ADR 0002: early_stop for IVF probing parked¶
Date: 2026-04-21 Status: accepted (negative result)
Context¶
IVFPQSnapIndex.search visits the top nprobe clusters by coarse
score and runs the ADC kernel over each. A classic speedup is to
short-circuit the probe loop once the next cluster's best possible
residual score (coarse_dot + sum_j max_k lut[j, k]) falls below
the current k-th best actual score: any remaining cluster is
provably dominated and can be skipped.
This is an upper-bound pruning argument, so it is strict: recall does not drop. If the bound is tight enough, latency goes down.
We implemented this in the feat/ivfpq-early-stop branch, batched
in chunks of 32 clusters to amortise the per-check dispatch cost,
and measured it on BEIR FIQA (N=57,638, BGE-small, M=192, K=256)

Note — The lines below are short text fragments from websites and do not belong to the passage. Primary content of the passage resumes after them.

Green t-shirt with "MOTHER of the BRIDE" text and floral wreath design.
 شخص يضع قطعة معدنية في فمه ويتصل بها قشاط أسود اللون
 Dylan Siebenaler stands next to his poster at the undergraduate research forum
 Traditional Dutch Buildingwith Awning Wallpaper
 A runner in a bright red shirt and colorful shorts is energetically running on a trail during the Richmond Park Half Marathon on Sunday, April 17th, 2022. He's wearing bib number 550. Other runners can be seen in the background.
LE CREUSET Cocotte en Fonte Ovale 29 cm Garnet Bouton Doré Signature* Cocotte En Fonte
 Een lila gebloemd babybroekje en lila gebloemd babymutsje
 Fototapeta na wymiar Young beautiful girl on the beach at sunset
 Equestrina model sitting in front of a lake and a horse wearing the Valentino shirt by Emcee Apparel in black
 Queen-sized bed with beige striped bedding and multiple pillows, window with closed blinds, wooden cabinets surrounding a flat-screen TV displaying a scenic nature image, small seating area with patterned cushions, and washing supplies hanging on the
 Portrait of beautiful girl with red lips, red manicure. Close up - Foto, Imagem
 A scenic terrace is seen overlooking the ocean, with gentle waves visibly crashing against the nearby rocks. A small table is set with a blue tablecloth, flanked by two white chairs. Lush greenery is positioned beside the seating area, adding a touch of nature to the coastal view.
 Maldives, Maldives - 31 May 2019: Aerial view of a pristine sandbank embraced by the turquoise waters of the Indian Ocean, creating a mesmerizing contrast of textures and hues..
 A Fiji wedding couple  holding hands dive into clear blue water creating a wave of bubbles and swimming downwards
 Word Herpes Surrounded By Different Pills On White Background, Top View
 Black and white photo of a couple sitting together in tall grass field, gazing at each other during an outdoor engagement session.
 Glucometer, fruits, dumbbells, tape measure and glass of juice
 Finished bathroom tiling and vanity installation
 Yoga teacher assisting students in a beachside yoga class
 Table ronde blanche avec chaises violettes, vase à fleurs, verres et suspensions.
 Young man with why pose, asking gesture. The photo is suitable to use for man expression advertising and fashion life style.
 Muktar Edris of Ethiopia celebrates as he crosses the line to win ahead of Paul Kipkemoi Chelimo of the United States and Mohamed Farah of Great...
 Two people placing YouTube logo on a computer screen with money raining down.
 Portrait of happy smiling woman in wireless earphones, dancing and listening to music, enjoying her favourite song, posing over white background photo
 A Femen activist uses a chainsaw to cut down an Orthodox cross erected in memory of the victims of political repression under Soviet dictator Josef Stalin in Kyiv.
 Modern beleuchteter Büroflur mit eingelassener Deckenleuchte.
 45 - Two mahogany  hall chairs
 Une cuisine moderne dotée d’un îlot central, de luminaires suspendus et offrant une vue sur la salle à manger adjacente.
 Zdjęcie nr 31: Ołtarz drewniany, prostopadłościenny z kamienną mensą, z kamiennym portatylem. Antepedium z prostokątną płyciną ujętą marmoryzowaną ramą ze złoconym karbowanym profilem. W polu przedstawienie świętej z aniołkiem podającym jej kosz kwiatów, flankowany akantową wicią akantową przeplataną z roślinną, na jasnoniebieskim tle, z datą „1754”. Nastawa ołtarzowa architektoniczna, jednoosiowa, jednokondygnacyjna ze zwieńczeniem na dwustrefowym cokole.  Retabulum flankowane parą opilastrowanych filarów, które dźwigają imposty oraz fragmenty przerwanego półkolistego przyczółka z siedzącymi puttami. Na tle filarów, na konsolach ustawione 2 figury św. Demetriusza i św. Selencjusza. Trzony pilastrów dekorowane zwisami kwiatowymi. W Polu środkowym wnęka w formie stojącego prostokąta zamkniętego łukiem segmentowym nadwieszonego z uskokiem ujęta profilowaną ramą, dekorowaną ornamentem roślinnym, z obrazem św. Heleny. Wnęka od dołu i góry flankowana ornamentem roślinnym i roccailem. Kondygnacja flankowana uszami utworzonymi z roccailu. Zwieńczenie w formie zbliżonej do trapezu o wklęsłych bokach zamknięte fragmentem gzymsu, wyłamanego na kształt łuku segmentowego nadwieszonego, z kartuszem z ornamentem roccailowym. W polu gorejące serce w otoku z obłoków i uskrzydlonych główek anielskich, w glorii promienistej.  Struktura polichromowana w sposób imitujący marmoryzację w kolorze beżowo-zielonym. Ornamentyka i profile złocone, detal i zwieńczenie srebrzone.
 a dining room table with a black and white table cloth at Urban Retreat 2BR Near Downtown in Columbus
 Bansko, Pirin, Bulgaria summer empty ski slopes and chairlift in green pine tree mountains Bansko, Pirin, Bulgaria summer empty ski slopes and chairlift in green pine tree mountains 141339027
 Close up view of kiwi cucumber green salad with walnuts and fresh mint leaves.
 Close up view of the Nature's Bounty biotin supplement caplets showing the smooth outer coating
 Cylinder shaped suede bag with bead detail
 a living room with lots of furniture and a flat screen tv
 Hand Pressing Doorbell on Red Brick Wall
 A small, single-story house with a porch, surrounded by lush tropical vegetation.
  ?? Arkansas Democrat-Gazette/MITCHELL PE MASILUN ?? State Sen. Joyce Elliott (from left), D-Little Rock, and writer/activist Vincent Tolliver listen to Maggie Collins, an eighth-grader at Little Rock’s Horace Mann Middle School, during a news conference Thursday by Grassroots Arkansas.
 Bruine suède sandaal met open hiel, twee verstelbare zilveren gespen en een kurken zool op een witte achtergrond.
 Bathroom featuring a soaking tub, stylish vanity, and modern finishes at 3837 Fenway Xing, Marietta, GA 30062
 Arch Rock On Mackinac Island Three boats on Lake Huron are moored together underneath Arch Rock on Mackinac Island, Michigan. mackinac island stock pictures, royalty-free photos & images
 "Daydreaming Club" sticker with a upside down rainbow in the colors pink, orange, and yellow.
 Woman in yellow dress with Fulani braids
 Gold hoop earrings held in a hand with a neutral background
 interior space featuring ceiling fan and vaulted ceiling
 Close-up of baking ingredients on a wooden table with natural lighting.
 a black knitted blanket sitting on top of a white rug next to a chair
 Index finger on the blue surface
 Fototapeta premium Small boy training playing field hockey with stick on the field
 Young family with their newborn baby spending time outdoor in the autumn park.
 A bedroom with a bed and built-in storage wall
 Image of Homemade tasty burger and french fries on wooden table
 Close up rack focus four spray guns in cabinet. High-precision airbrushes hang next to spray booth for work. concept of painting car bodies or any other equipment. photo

against the baseline batched full-scan.
| nprobe | full ms | early ms | speedup |
|---|---|---|---|
| 4 | 0.16 | 0.16 | 0.98x |
| 32 | 0.34 | 0.55 | 0.62x |
| 256 | 1.09 | 3.43 | 0.32x |
Recall is identical at every nprobe (the bound is strict), but
early_stop is slower across the board. Three independent
reasons, each by itself enough to kill the speedup:
- The per-chunk
fused_gather_adcdispatch and the Python-level merge cost already eat most of the baseline kernel's total time. Skipping clusters late in the probe list does not claw back enough work to pay for the bookkeeping. - The global bound
sum_j max_k lut[j, k]is loose on real embeddings. Actual residual scores rarely approach the max-per-subspace product; most clusters that could be pruned by a tighter bound are not pruned by this one. - FIQA's recall curve is gradual (0.66 at
nprobe=4, 0.93 atnprobe=256), which means top-k results are distributed across many clusters. A workload with concentrated ground-truth in a small number of dominant clusters would benefit more. FIQA is not that workload.
Decision¶
Do not ship early_stop. Keep the branch (feat/ivfpq-early-stop)
in git history for future reference but do not merge.
Consequences¶
- Shipping-path code stays simpler: the search kernel has no mode switch for early termination.
- Recall guarantees are unchanged.
- A future contributor tempted to implement this again should first check whether at least one of the three failure modes above has been addressed:
- A genuinely tighter per-cluster bound (for example, stored at
fit()time as the max residual score for each cluster's training rows rather than a global product-of-maxes bound). - A workload with concentrated ground-truth clusters (benchmark on that, not on FIQA).
- A kernel architecture where cluster-level dispatch is cheap enough that early exit is not dominated by bookkeeping.
- Without at least two of those,
early_stopwill lose again.